Difronte a questi rigurgiti di intolleranze, la sinistra italiana è rimasta quasi muta. Quasi nessuna presa di posizione in parlamento, l’assenza più totale nelle piazze e di coinvolgimento di chi, nel cuore, non vuole vivere in un paese intollerante. Dopo la sconfitta del 4 Marzo, il PD si è sempre più arroccato nelle sue stanze. Ogni notabile ha puntellato i confini del proprio orticello di potere, tappandosi quasi le orecchie dinanzi alle disuguaglianze sempre più diffuse nel paese.

Certo, la cartina di tornasole resta sempre il pensiero della gente. A tale proposito, in una recente indagine fatta dal settimanale “L’Espresso”, il popolo italiano oggi stenta a capire in cosa consista la sinistra e, soprattutto, le azioni dei suoi rappresentanti.

Le radici della crisi, anche delle socialdemocrazie europee, sempre secondo tale ricerca, risiedono nell’atteggiamento per cui esse hanno cessato di essere alternativa ai partiti conservatori ed hanno cercato di crearsi simpatie presso le èlite economiche del paese.

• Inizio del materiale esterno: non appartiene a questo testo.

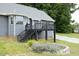 Backyard with a charming deck, patio, and landscaping for outdoor entertaining and relaxation at 3684 Ben Mil Ct, Franklinton, NC 27525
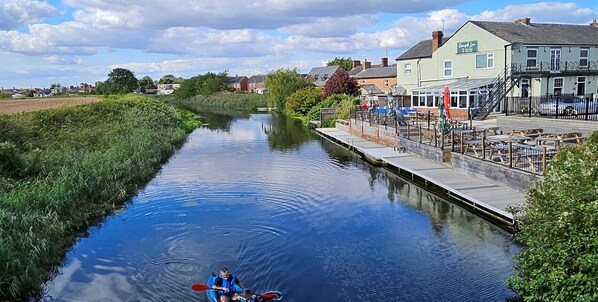 A narrow canal with a row of buildings on one side and a grassy bank on the other. - Riverside Inn (Spalding)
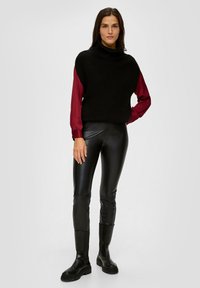 Pull col roulé noir à côtes superposé sur une chemise à manches longues bordeaux, associé à des leggings en similicuir noirs et à des bottes noires chunky.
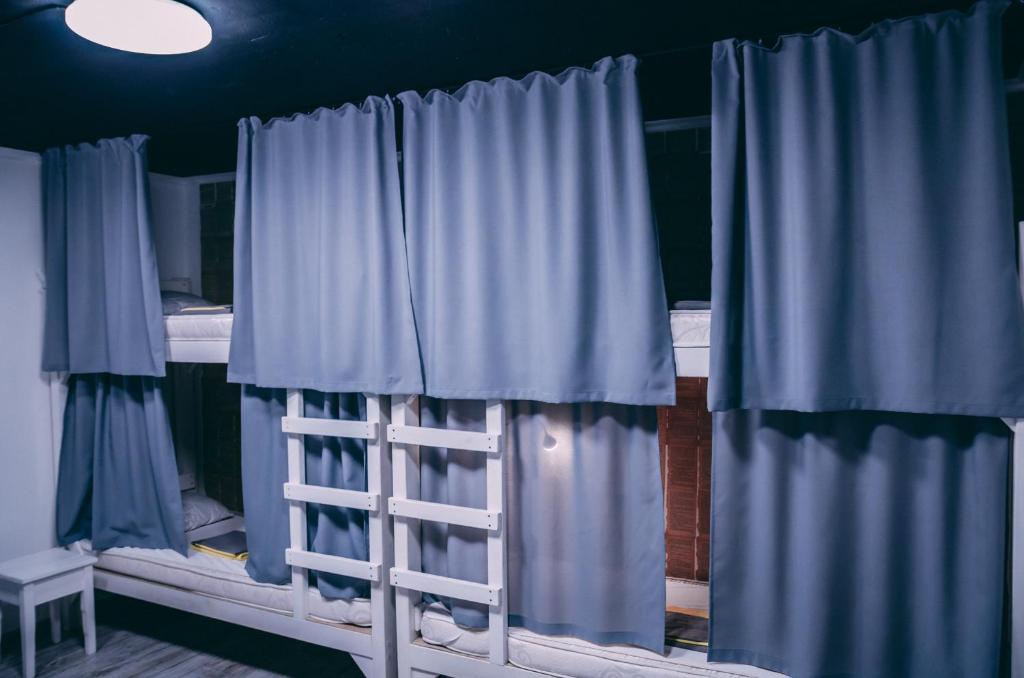 Postel nebo postele na pokoji v ubytování Smart Hostel
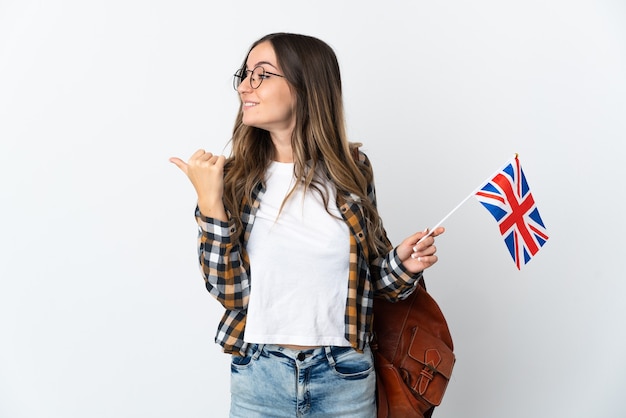 Young Romanian woman holding an United Kingdom flag isolated on white background pointing to the side to present a product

Una riflessione quanto mai vera, specialmente se pensiamo a tutto quello che abbiamo vissuto nella vicenda delle banche, nel rapporto poco chiaro con il PD.

E se un partito riformista si adegua ai poteri economici e rinuncia alla sua funzione di chiarificazione dinanzi alle disuguaglianze, cessa sostanzialmente la sua funzione e mortifica la sua identità.

Questo è quello che stiamo vivendo in questi travagliati giorni d’estate. E’ l’immobilismo dei partiti riformisti che prende la forma del silenzio dinanzi ai rigurgiti razzisti, delle inadempienze pregresse rispetto ai ritardi infrastrutturali del paese, accumulati anche quando il PD era al governo. Ma soprattutto, è l’incapacità nel saper giungere al cuore della gente, quell’elemento che riusciva a riempire le piazze, ad aprire dibattiti, ad essere sempre propositivi.

Quell’elemento che, un tempo, riusciva a trasformare la politica in una cosa bella, che può davvero essere utile alle persone, per difendere i diritti e costruire così il domani.